The shale boom in 2008 triggered its own boom in requests for PLRs. Finally, in 2014, the IRS declared a moratorium on the letters in favor of developing a comprehensive set of regulations.

Transition Period

Even the rules governing the transition period raise questions. A three-part rule determines whether income from an activity can be treated as qualifying income during the 10-year period. Basically, if an MLP already has a PLR stating that, the company is golden.

It’s the second part of the rule, applying to partnerships that lack a PLR, where things get tricky. Baker Botts partner James Chenoweth found plenty to examine in this area.

“First, the question of how you treat an activity as qualifying or not could raise some issues,” he said. “If you’re a large-enough MLP that has an activity that might not be treated as qualifying under the proposed regs, but it was a small enough portion of your income that you had no reason to treat it as qualifying or not because it fit within your 10% bucket, if that activity grows during the transition period, it’s unclear whether you were ‘treating it as qualifying.’”

If the MLP is engaged in a joint venture, more questions pop up.

“If you’ve got lower-tier JVs, you could have an issue with a new MLP entering into that lower-tier JV,” Chenoweth said. “Are they going to be able to include income as qualifying that maybe some other MLPs in a lower-tier JV might have been able to?”

Questions About Coverage

There is also the matter of what the IRS intends the rules to mean when they don’t refer specifically to an issue, for example, the transportation and storage of carbon dioxide, alcohol, fuels and biodiesel.

“Those items were added to the list of qualifying products in 2008 and are part of the code,” said Dallas-based Baker Botts partner Steve Marcus. “The reason the regs don’t say anything about them is that the regulations simply aren’t intended to address those items.
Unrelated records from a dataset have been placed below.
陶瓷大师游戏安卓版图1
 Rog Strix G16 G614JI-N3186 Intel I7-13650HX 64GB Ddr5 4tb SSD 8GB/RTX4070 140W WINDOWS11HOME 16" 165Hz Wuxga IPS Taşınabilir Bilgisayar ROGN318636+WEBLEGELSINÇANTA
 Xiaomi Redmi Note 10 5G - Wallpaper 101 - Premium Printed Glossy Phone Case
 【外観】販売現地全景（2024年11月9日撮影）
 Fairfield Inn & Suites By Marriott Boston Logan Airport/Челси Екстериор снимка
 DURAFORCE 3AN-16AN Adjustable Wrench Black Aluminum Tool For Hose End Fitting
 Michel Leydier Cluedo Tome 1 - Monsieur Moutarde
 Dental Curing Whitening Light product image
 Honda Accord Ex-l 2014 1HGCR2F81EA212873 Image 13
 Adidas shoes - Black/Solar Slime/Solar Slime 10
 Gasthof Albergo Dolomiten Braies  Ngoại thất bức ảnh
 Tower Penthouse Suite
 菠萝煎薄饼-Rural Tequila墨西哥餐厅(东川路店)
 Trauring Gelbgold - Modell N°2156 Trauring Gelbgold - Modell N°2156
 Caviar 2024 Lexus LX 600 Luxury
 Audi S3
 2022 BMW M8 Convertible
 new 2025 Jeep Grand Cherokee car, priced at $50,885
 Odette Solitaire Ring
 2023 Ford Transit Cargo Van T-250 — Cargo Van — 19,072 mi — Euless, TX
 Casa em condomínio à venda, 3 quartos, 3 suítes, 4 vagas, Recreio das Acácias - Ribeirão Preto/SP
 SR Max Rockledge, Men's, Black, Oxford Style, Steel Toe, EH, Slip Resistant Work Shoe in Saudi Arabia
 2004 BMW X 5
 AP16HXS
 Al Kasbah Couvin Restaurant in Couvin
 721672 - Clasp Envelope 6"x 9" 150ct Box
It doesn’t mean that those items are now excluded; they continue to be qualifying under the code provision at least to the extent that they are transported or stored.”

The proposed regulations apply to two kinds of activities: those already included in the code like E&P, processing or refining, transportation and marketing, and those referred to as intrinsic activities. Intrinsic activities, Marcus said, are those that the IRS had found itself handling with numerous PLRs, such as fracking.

The Processing Process

Processing gets particular attention in the proposal, including rules that affect equipment depreciation governed by the Modified Accelerated Cost Recovery System (MACRS) that is used to recover the basis of most business and investment property placed in service after 1986.

“Importantly, the IRS made a distinction about activities that are done with equipment that is not being depreciated consistently with the MACRS classes for petroleum refining or for natural gas production processing,” Chenoweth said. “If you have an activity that would otherwise be treated as purifying or eliminating impurities, but you’re doing it with equipment that’s not being depreciated under one of these classes that’s consistent with what the IRS feels is necessary for refining or processing, then the activity is not covered by the proposed regulation.”

The regulations note that activities that cause a substantial physical or chemical change, or otherwise transform the extracted mineral into something new or different, do not qualify as processing. Marcus noted that the chemical conversion rules are fairly restrictive. Recombination of one or more products of a chemical conversion from processing or refining must result in the cost-effective production of gasoline or other fuels.

“A midstream company might have to know what the depreciable elections were of the refiner or the processor because those are technical rules to be within those prior activities,” Chenoweth said.

For example, he noted that the new regulations raise questions about issues like liquefaction or compression, elements that are necessary for the transportation of LNG or natural gas but are not specifically listed. Chenoweth suspects that these activities would be covered under the intrinsic label, but he would like more guidance from Treasury.

Another example involves pipelines for interconnects.

“The pipeline needs to be owned by publicly traded partnership,” he said. “An interconnect to a lease pipeline doesn’t appear to meet the definition. It might be another oversight that could get fixed in the final regs.”